Only 10 cases of porokeratosis after BMT have been reported in the English literature, and they are summarized in Table 12,5-9. Most cases of porokeratosis following BMT were associated with leukemia. To date, immunodeficiency disorders associated with porokeratosis have been reported to include AIDS and precancerous blood disorders, as seen in our case3. MDS is a disorder associated with abnormal B cell, NK cell, and CD4 (+) T cell function; therefore this bone marrow stem cell disorder can result in immunodeficiency.
It remains unclear whether the development of porokeratosis in our patient was affected by the immunodeficiencies associated with MDS or by the immunosuppressive treatment associated with the BMT. It is assumed, however, that the pathophysiology of porokeratosis is similar in either case3. To explain this, several hypotheses have been proposed. First, loss of immunosurveillance caused by immunosuppression allows for the proliferation of abnormal keratinocyte clones, which leads to porokeratosis1,3. To support this, Manganoni et al.10 provided evidence that the number and function of Langerhans cells were decreased and the expression of the HLA-DR antigen was reduced in the lesions. It has also been hypothesized that porokeratosis develops because of the higher rates of mitotic division in abnormal clones than in normal keratinocytes.

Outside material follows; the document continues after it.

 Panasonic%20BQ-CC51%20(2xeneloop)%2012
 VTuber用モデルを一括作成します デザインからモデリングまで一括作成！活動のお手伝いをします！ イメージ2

In most porokeratosis cases, treatment is not necessary. It has also been reported that lesions have spontaneously healed in immunocompromised patients after the primary malignancy was treated. In approximately 7~11.6% of patients, however, porokeratosis is associated with malignancies such as squamous cell carcinoma, basal cell carcinoma, and Bowen's disease. In particular, linear porokeratosis and porokeratosis of Mibelli are highly associated with these malignancies11. Therefore, in immunocompromised patients who develop porokeratosis, the possibility of malignant transformation must be considered, and such cases must be followed by close observation. Histopathology is required to confirm malignant transformation in suspicious cases.